Dans sa livraison de janvier 2010, Le Monde Diplomatique s’intéresse de près à Obama. Serge Halimi se demande si l’on peut « réformer » les États-Unis :

"Le combat politique fait parfois la part trop belle à des oppositions personnalisées, à des rejets obsessionnels. Les nécessités de la lutte frontale enfantent alors des regroupements hétéroclites motivés par le seul désir de détruire la même cible. Sitôt l’ennemi à terre, les ennuis commencent. Et avec eux la question : que faire à présent ? Au fil des choix politiques, les équivoques qui favorisaient l’ancien cartel des opposants doivent être levées ; le désenchantement s’installe. Avant longtemps, l’adversaire détesté revient au pouvoir. Sa halte dans l’opposition ne l’a pas rendu plus aimable.

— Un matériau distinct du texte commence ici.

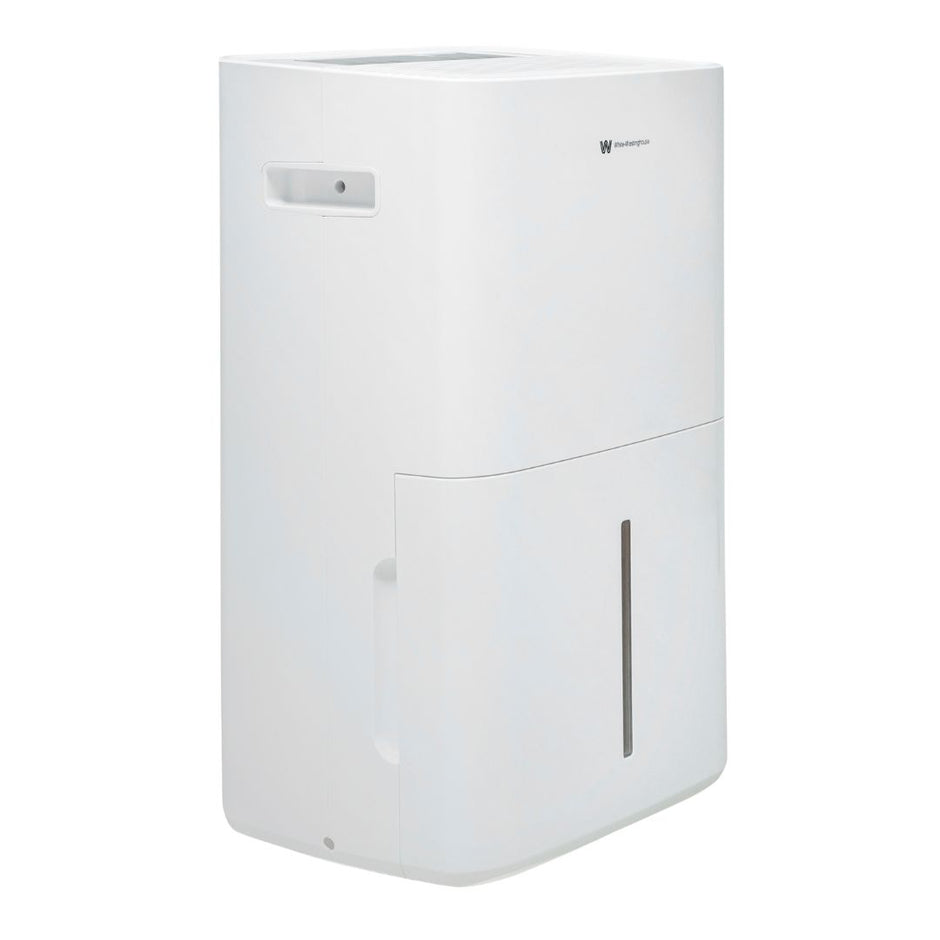 AWHD-307L White Westinghouse Dehumidifier – 30 Litres/Day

Le triptyque coalition de rencontre, proposition politique incertaine, déception programmée renvoie également à l’actualité américaine. Il y a un an, la déroute des républicains et la fin de la présidence de M. George W. Bush ont provoqué un moment de liesse. Même si une partie de l’électorat, dont le sort ne s’est pas amélioré, continue de faire confiance à M. Obama, cet enthousiasme paraît révolu. L’intensification de la guerre en Afghanistan désole les pacifistes, la réforme du système de santé se situe en deçà des espérances raisonnables, tout comme la politique environnementale. Le jugement « moins que bien, mais mieux que rien » se propage et génère un climat maussade. La passion politique change à nouveau de camp."

Patrick Haenni et Samir Amghar analyse « le mythe renaissant de l’islam conquérant :

« Le " non " à la construction de minarets qui l’a largement emporté en Suisse, lors de la votation populaire organisée le 29 novembre dernier, a mis le pays en état de choc en même temps qu’il suscitait consternation et colère tant en Europe que dans le monde musulman. Ni la xénophobie ni la poussée de l’extrême droite n’expliquent un tel résultat (les 57 % de votants anti-minarets dépassent largement la clientèle traditionnelle de la droite dure à l’initiative du référendum). Elles ne permettent pas davantage de comprendre les actuelles crispations organisées par le gouvernement français sur l’identité nationale ou les interminables polémiques autour de la burqa. Au-delà de sa dimension internationale, avec le thème récurrent du « terrorisme islamiste » et du nouveau « péril vert » qui aurait remplacé le « péril communiste », le débat porte aussi sur la place en Europe de la religion musulmane " toujours plus détachée du thème de l’immigration. Il a pour fondement la peur irrationnelle d’un islam conquérant qui s’appuierait sur un projet militant, sur une progression de la foi et sur la démographie. »

Une analyse très innovante (politique, anthropologique) de Lucien Sève sur le " bien vieillir " , à reconsidérer d’urgence :

« En France et en Allemagne, tout comme en Chine et au Japon, on s’inquiète du vieillissement de la population. Il n’y aurait plus assez d’actifs pour payer les retraites. Et si l’on renversait la perspective ? Si l’on brisait les cycles sociaux préétablis où, avant 30 ans, les jeunes ne peuvent pas trouver un emploi stable ; où, après 50 ans, les salariés sont marginalisés, voire expulsés de l’entreprise ; où, entre les deux, l’intensification du travail use les corps et les esprits.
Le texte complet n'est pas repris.